Transcribe all the entries word for word, omitting any pictures they contain.

────────────────

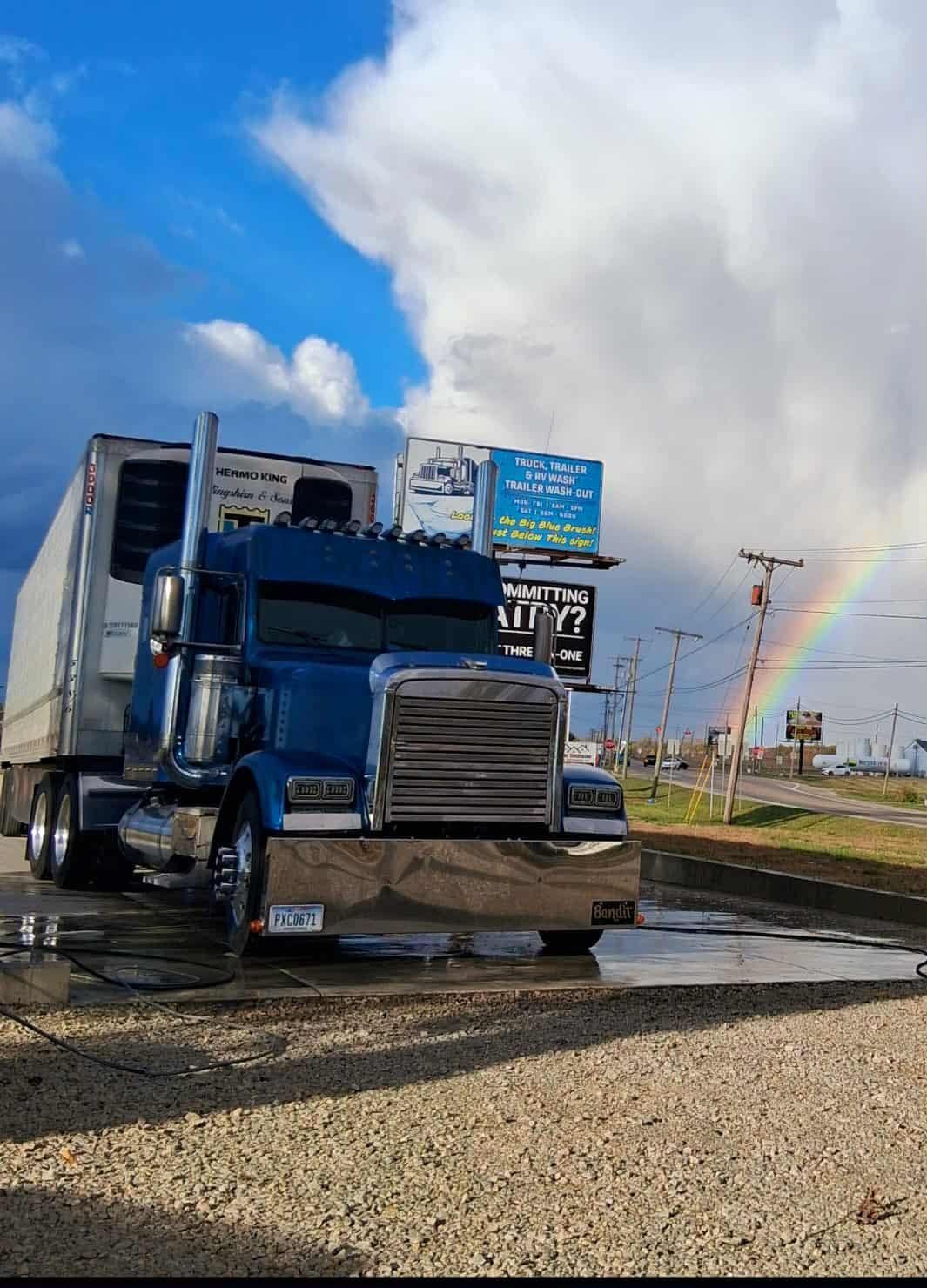 Blue semi-truck with trailer parked under a partially visible rainbow, partly cloudy sky in the background.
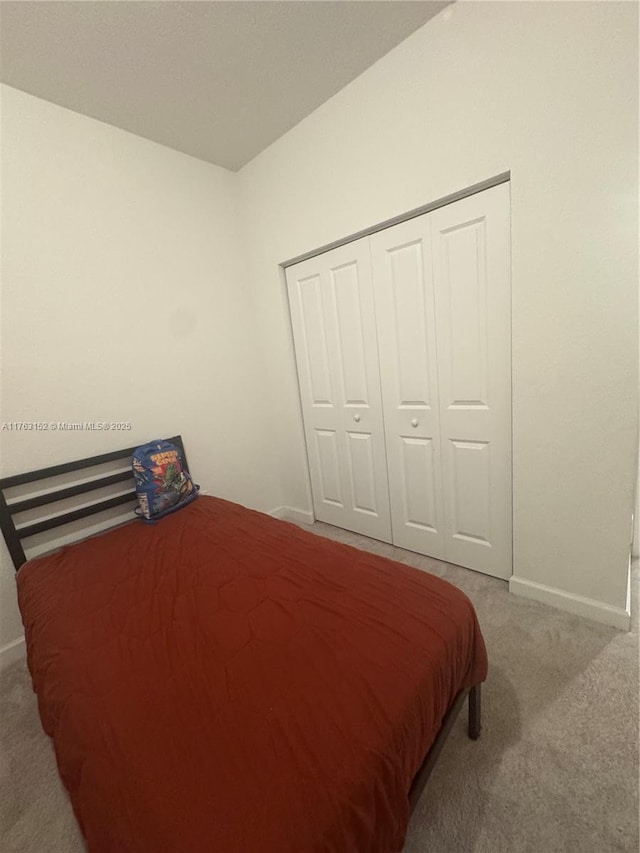 bedroom featuring carpet flooring, baseboards, and a closet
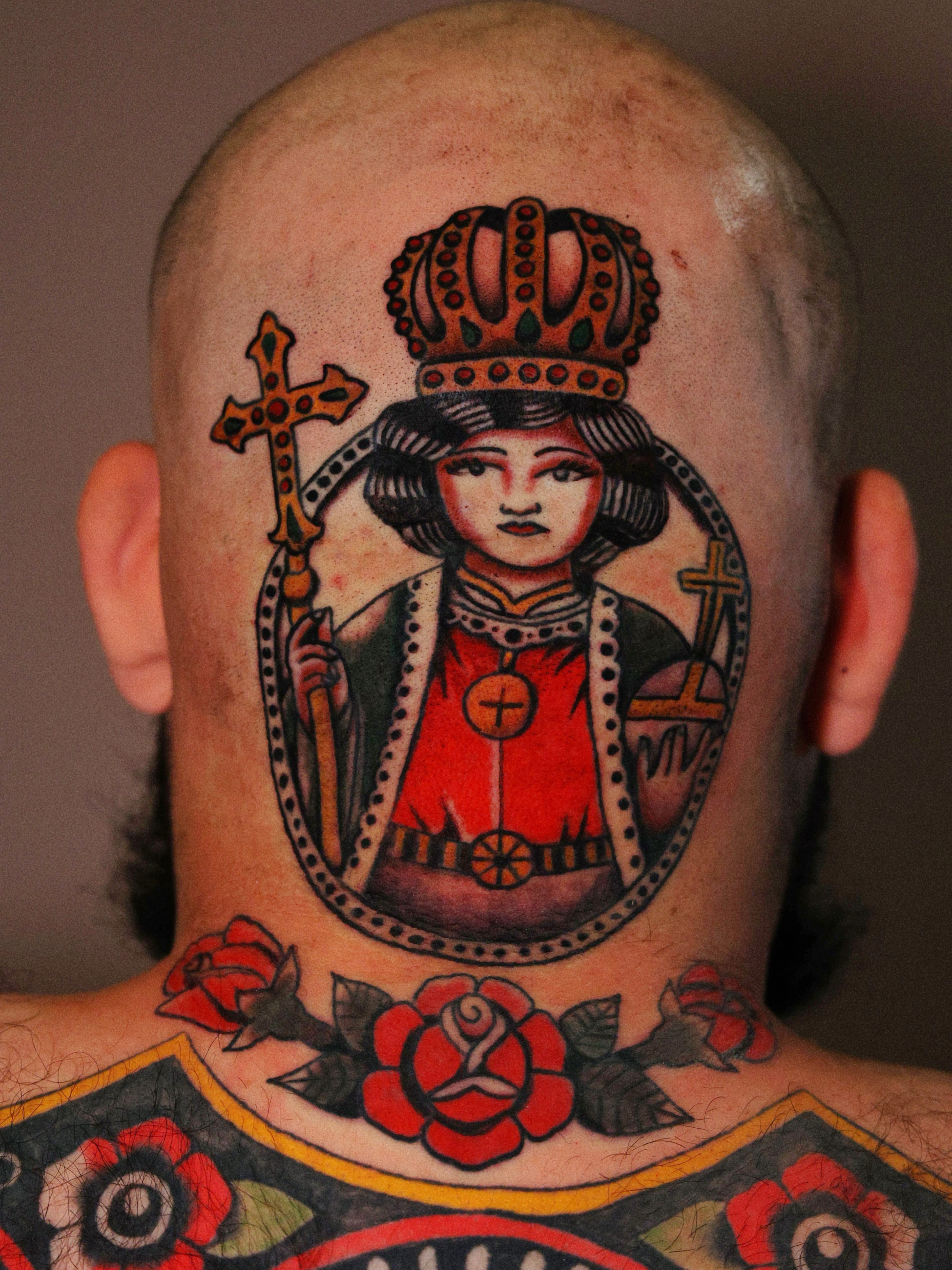 Religious figure American traditional tattoo on the neck by Dylan Mott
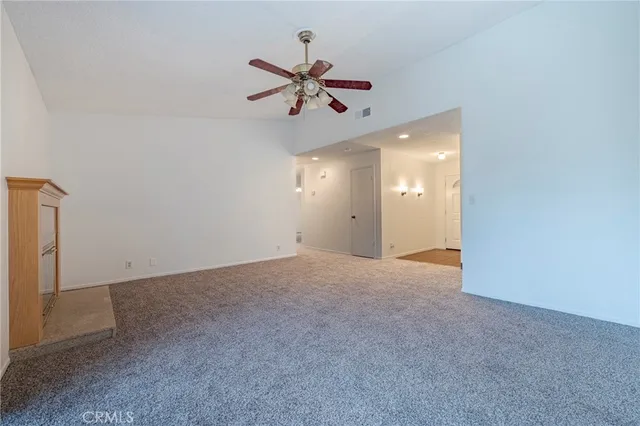 an empty room with a chandelier fan and windows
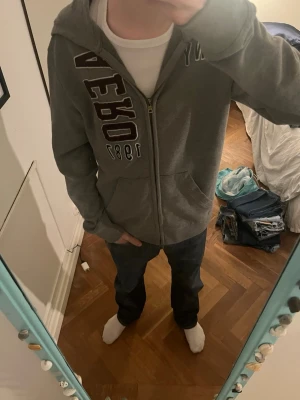 Grå zip-hoodie från Aeropostale - Snygg grå hoodie med dragkedja från Aeropostale. Stor tryckt logga i mörkrött och vitt på framsidan samt årtalet 1987. Klassisk huva och två fickor framtill. Perfekt för en avslappnad och cool stil. Med en fett fläck som jag är osäker på om den går bort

────────────────

### Your solution
 Blue semi-truck with trailer parked under a partially visible rainbow, partly cloudy sky in the background.
 bedroom featuring carpet flooring, baseboards, and a closet
 Religious figure American traditional tattoo on the neck by Dylan Mott
 an empty room with a chandelier fan and windows
 Grå zip-hoodie från Aeropostale - Snygg grå hoodie med dragkedja från Aeropostale. Stor tryckt logga i mörkrött och vitt på framsidan samt årtalet 1987. Klassisk huva och två fickor framtill. Perfekt för en avslappnad och cool stil. Med en fett fläck som jag är osäker på om den går bort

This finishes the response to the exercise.